Prescription for Competitive Advantage
"When we first come out with a product, we've got a very short window to make it successful before our competitors come out with the exact same product," explains Dave Ambrose, president and CEO of MCR American Pharmaceuticals. The Brooksville, Florida-based company distributes its brand-name products to wholesalers who then market the drugs to pharmacies. To be competitive, his company needs to produce the highest-quality products at the best price.
Even if MCR could have built its own manufacturing facilities and hired people with the requisite expertise in the early 90's, Ambrose says they couldn't beat the quality of products manufactured by PharmaFab. "If you randomly ask doctors which pill is the better pill, PharmaFab wins every single time," he states. "Their quality is such that the product is easy to break and easy to dissolve, so it goes into a person's system faster -- exactly what doctors choose in product comparisons."
Although MCR strategically outsourced its manufacturing to PharmaFab in Grand Prairie, Texas to ensure quality products, Ambrose says the service provider "had the double whammy of working with us on pricing too." The two share a risk-reward pricing structure on some of MCR's "risky" new products.

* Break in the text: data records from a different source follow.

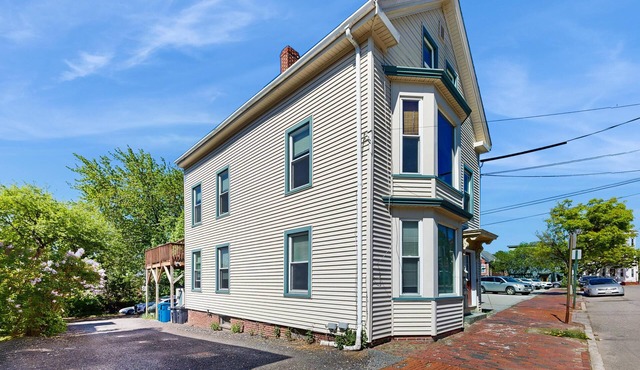 Munjoy Hill hideaway with AC - walk to dining & Eastern Promenade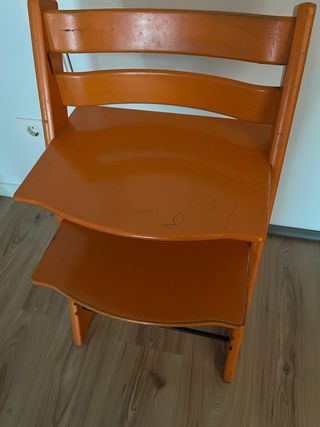 Trona evolutiva naranja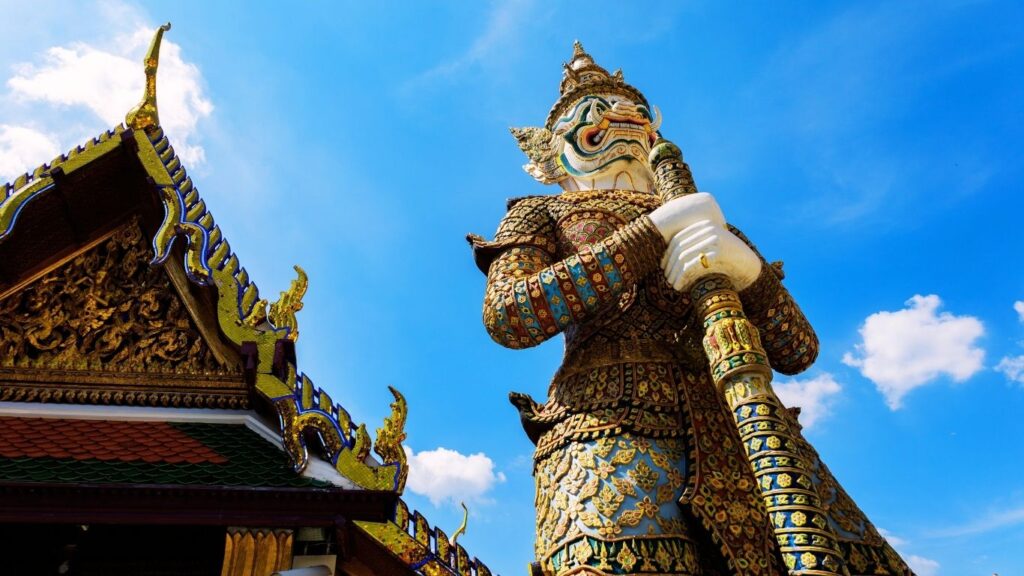 เส้นทางมรดกแห่งศรัทธา: ทริปไหว้พระริมฝั่งแม่น้ำเจ้าพระยา ย่านธนบุรี พร้อมสัมผัสการพักผ่อนอย่างประณีต ณ โฮเทล เดอ บางกอก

The provider cuts its price to "bare bones" for such projects; if a product becomes successful, their pricing arrangement allows PharmaFab to financially share in that success because of its willingness to mitigate the risk.

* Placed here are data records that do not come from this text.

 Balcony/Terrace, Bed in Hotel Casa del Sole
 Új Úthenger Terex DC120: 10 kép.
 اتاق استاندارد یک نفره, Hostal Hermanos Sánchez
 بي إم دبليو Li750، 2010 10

That's just the tip of the iceberg for MCR's benefits in outsourcing to PharmaFab.
Dispensing a Collaborative Approach
Both companies were small when they met each other nearly a decade ago. Both were also in a growing mode. According to Ambrose, their relationship is based on understanding each other's business and what it takes for each to be successful. "Success is a two-way street in every single aspect," he says.
MCR's CEO credits this outsourcing arrangement for MCR's "smooth journey to where it is today." Enjoying annual 40 percent growth in sales since 1997, he says the company could not have expanded so heavily into the cough-and-cold market or enter into pain management without the outsourcing alliance with PharmaFab.

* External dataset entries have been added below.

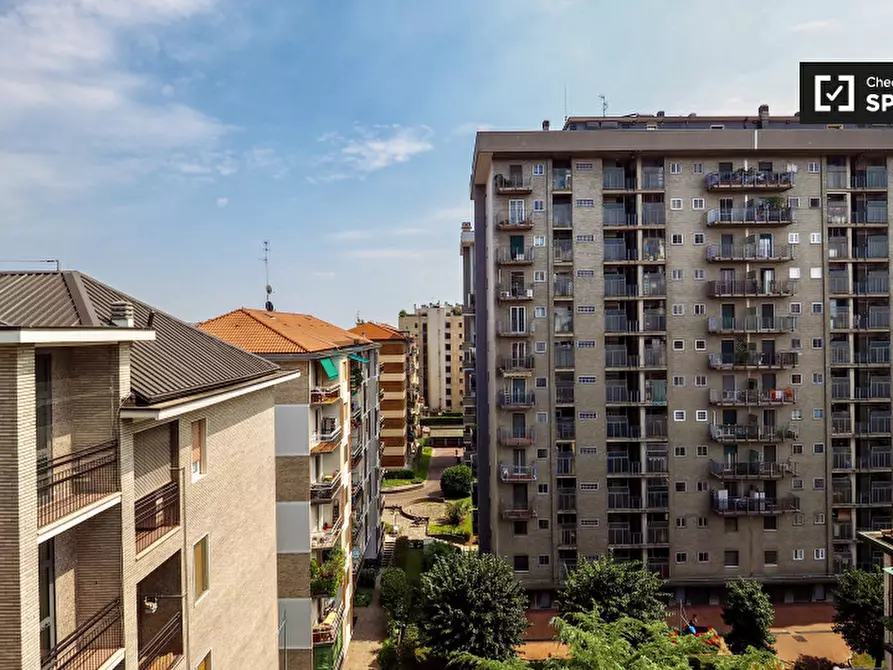 Immagine 5 di Camera condivisa in affitto  in Via Pace a San Donato Milanese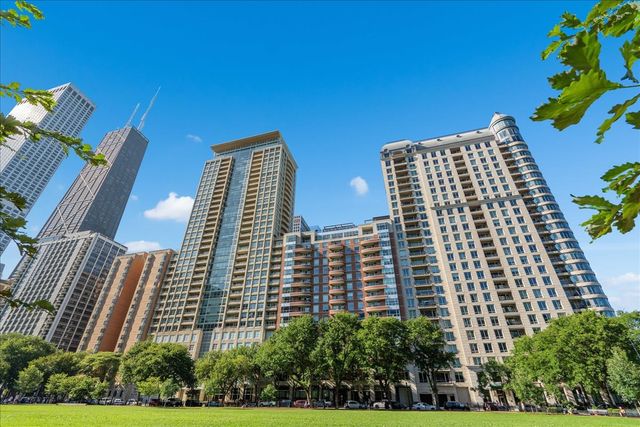 840 N Lake Shore Drive 1803, Chicago, IL 60611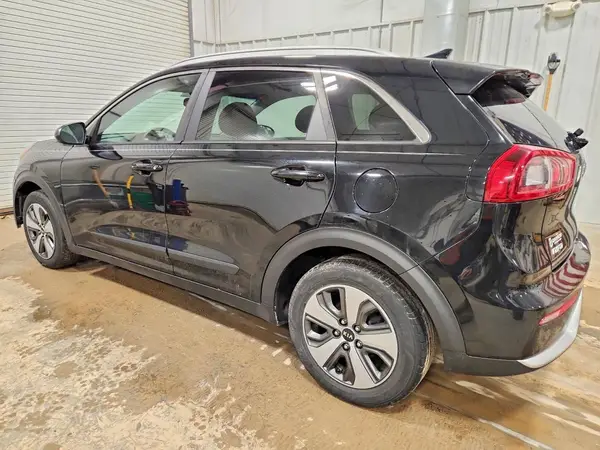 KNDCB3LC0J5156123 2018 KIA NIRO - Image 2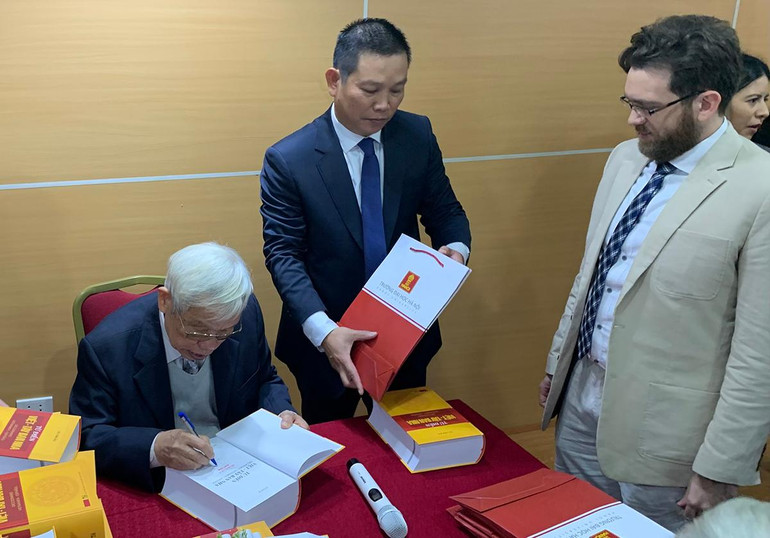 Tác giả Vũ Văn Âu ký tặng tại buổi lễ.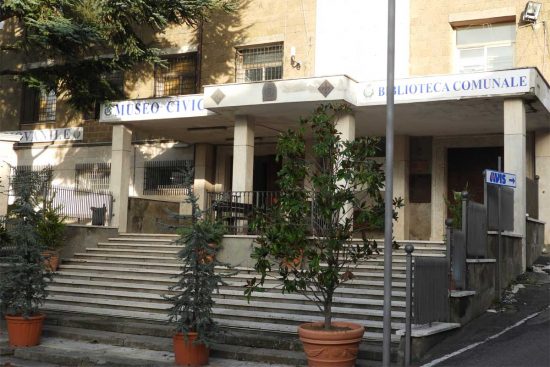 Ischia di Castro - la biblioteca e il museo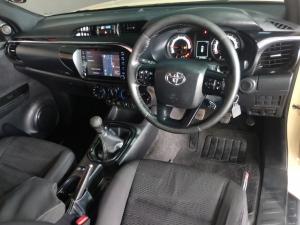 Toyota Hilux 2.8GD-6 4x4 Legend 50 - Image 8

Ambrose appreciates PharmaFab's value-add services in connection with FDA-required research and development. "We just call PharmaFab and say we need to know what the FDA thinks about a particular thing," he explains. "They line up a meeting with an FDA consultant and then hand us a package detailing what's involved." In another instance, PharmaFab turned MCR's product idea into a formal document and submitted it to the FDA. The provider's legwork resulted in no additional costs to MCR. "PharmaFab did that for us because, had it worked, it would have been a blockbuster product," he explains. "And the next idea might work; when that happens, PharmaFab knows it will make tons of money with us."
Citing another example of their collaborative approach, Ambrose says PharmaFab came to the rescue when the FDA had an issue in a particular market and stopped all companies from selling a particular drug. Although MCR's product was not at issue, the company still had to meet with the FDA in Washington, D.C. PharmaFab's owner provided its attorneys, at no additional cost, to make sure MCR's interests were represented in the proceedings.
The provider's flexibility and resources also come into play with always-timely deliveries, even when product demand increases cause unscheduled secondary orders.
As their relationship grew, MCR added research and development to the service provider's scope. Ambrose says PharmaFab recently saved his company as much as two-thirds of the R&D cost for a new product. In addition, the provider's best-practice expertise enabled it to slash competitors' two-year processes to a six-month time to market for MCR's new product.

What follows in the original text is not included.